R-CHOP for DLBCL, BR for FL, and CAR-T for relapsed/refractory cases. Targeted therapies (e.g., ibrutinib for MZL) and stem cell transplants for high-risk patients. PET/CT for response assessment.

7.1 Subtype-Specific Therapies

DLBCL: R-CHOP; FL: BR; MCL: R-CHOP + autologous transplant; ALCL: CHOP/CHOEP; PTCL NOS: CHOP/CHOEP.

8. PROGNOSIS & COMPLICATIONS

IPI and FLIPI predict outcomes. Complications include CNS involvement, treatment resistance, and secondary malignancies. Prognosis varies by subtype (e.g., 82% 8-year OS for ALK+ ALCL vs. 49% for ALK–).

8.1 Prognostic Indices

IPI: age, LDH, performance status, stage, extranodal involvement. FLIPI: age, stage, LDH, number of nodal sites, B symptoms.

9. SPECIAL CONSIDERATIONS

Pregnancy: avoid chemotherapy in first trimester. Pediatric: aggressive treatment for high-risk subtypes. Elderly: consider less toxic regimens. HIV-positive patients require antiretroviral therapy alongside NHL treatment.
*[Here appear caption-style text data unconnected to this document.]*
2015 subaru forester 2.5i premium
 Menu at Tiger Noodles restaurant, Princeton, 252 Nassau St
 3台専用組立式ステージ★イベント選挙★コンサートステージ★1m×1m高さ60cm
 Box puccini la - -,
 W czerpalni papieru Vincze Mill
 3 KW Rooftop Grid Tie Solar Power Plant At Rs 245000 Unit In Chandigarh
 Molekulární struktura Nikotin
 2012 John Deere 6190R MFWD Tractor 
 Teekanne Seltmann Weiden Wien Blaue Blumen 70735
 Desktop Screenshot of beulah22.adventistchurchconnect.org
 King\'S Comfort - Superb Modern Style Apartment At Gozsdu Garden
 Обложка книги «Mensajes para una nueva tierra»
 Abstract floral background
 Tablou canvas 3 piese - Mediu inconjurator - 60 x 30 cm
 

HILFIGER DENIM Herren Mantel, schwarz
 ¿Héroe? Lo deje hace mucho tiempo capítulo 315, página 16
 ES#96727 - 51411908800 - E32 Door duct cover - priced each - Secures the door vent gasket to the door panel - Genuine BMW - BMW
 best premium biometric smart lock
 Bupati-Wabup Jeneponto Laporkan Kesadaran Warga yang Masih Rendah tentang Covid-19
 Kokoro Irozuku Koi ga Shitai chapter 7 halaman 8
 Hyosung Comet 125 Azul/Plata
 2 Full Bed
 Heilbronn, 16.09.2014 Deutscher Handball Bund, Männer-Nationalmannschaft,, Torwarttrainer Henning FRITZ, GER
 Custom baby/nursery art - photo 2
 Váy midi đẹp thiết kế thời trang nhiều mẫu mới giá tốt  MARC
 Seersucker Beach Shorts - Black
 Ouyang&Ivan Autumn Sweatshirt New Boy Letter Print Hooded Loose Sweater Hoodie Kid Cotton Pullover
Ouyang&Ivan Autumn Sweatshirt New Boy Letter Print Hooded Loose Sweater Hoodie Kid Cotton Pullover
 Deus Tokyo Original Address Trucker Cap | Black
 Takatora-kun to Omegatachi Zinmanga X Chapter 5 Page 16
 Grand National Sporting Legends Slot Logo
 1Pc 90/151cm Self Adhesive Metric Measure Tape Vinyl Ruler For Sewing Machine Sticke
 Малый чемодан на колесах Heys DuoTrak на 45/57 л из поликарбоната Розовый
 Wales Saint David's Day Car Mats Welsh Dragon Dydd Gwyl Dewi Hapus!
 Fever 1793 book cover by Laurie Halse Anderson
10. KEY POINTS & CLINICAL PEARLS

  1. NHL is heterogeneous, with distinct B/T-cell subtypes. 2. EBV, HTLV-1, and chronic infections are key etiologic factors. 3. R-CHOP is standard for DLBCL; BR for FL. 4. PET/CT guides treatment decisions. 5. CAR-T and targeted therapies improve outcomes in relapsed/refractory cases.